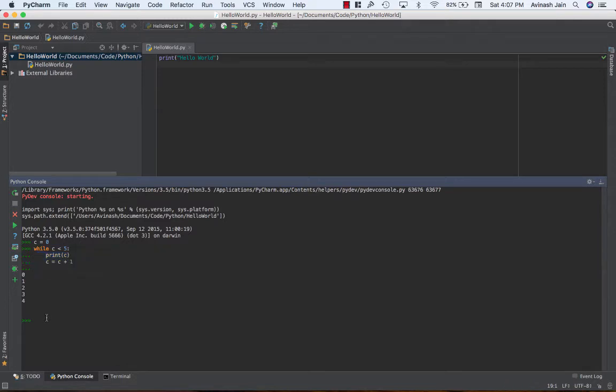What's more interesting however are the three control statements you use in loops. These three control statements are very useful in changing the path a loop normally takes. The first one is break.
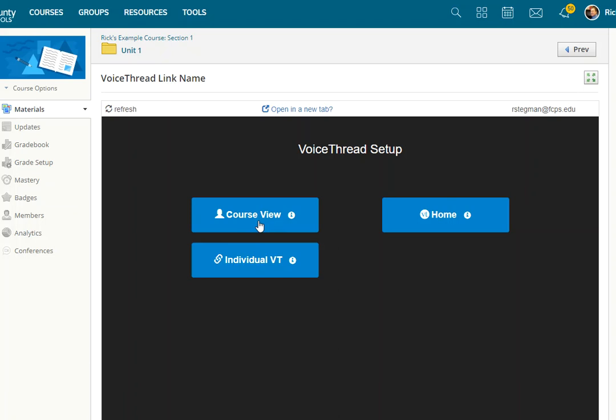So VoiceThread permissions are done by the Schoology course roster. So if you select Course View, every VoiceThread you have enabled in that class will be displayed as the destination.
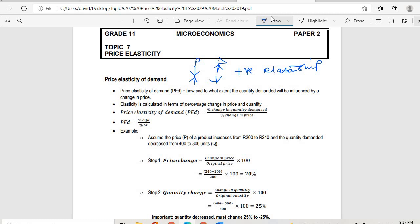On normal goods, elasticity is calculated in terms of percentage change in price and quantity. Price elasticity of demand, or PED, is equal to percentage change in quantity demanded over percentage change in price. So PED equals change in quantity demanded over change in price.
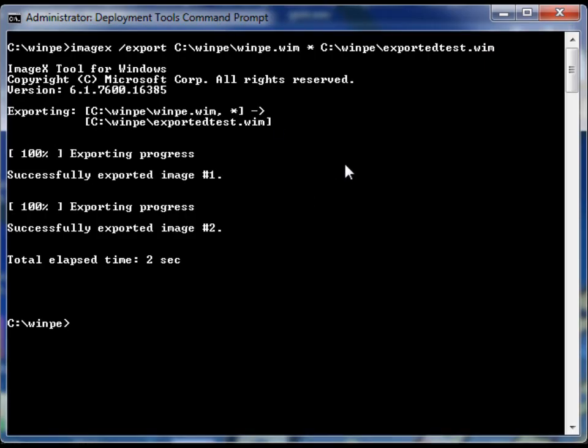So as you can see, if you want to have the changes that you've made to your WIM files expressed within your WIM image, you need to export it so that those changes will actually be there.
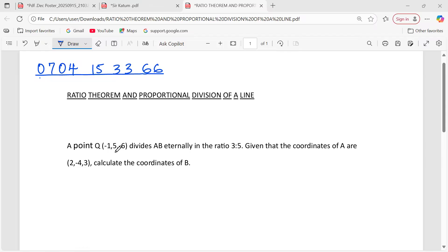Thank you so much for joining this lesson. We shall be discussing the ratio theorem together with its application in proportional division of lines.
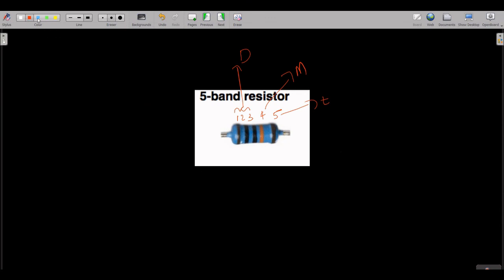Many students get confused about where to start numbering — from which end is band 1. There is a technique: if you see very clearly, on one side there is a large gap between the last band and the edge of the resistor, while on the other side the bands are closer together. You should always start your numbering from the side where the bands are closely packed — that means start from the end with small space, going one, two, three, four, five.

_ _ _ _ _

YOUR GOAL – Could you transcribe every entry exactly, leaving out the pictures?

EXPECTED OUTPUT –
What's more interesting however are the three control statements you use in loops. These three control statements are very useful in changing the path a loop normally takes. The first one is break.
So VoiceThread permissions are done by the Schoology course roster. So if you select Course View, every VoiceThread you have enabled in that class will be displayed as the destination.
On normal goods, elasticity is calculated in terms of percentage change in price and quantity. Price elasticity of demand, or PED, is equal to percentage change in quantity demanded over percentage change in price. So PED equals change in quantity demanded over change in price.
So as you can see, if you want to have the changes that you've made to your WIM files expressed within your WIM image, you need to export it so that those changes will actually be there.
Thank you so much for joining this lesson. We shall be discussing the ratio theorem together with its application in proportional division of lines.
Many students get confused about where to start numbering — from which end is band 1. There is a technique: if you see very clearly, on one side there is a large gap between the last band and the edge of the resistor, while on the other side the bands are closer together. You should always start your numbering from the side where the bands are closely packed — that means start from the end with small space, going one, two, three, four, five.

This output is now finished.